Imagine being the 800 lbs gorilla in your territory, but you want to move like Sammo Hung. How can large companies manage to continue expanding, being innovative and yet not get trapped in the bureaucratic madness that you can see?
This article relates to an article I read about IAC and how Barry Diller wants to split IAC into more companies. His justification for the split was that each company would provide more value for their investors while being free to make their own decisions. I mean, if you look at the internet properties from IAC in the past, you'd see a number of non-related items like travel with friend invitations or match making or even ticket sales. Obviously, Diller's intent there was to become a major player in the internet by taking over some hot internet properties. But these properties all had distinct brands like CitySearch, Ticketmaster, Ask, Expedia, etc. Having them under one unified, cohesive umbrella was a challenge that Diller wasn't able to meet.
In this case, giving each company a sense of independence honestly to me properly won't make much of an effect in the end.

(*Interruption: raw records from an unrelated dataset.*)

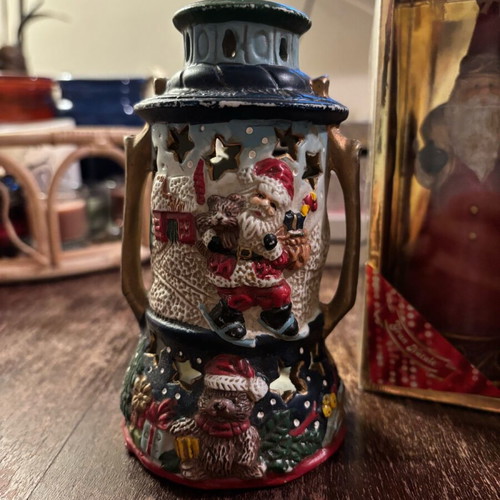 Santa Claus candles and ceramic lantern lightly used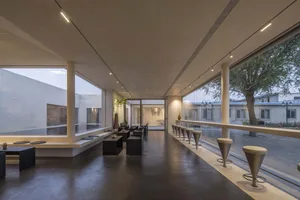 Modern industrial commercial space featuring concrete flooring and large windows.
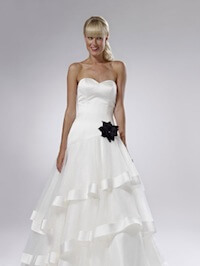 white wedding dress with a black flower on the left hip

In my employment with Ticketmaster, we had business partners within the company like CitySearch and Evite, but we didn't do much with them. There was a challenge for the employees to come up with an idea of how to link them. So people said something like an event, movie and dinner. Well, great but it's almost like people were having difficulties writing their senior thesis for a university. And for the most part, I think Ticketmaster was fairly independent and agile enough. I did not see much bureaucratic issues. So perhaps at the board level, things were different.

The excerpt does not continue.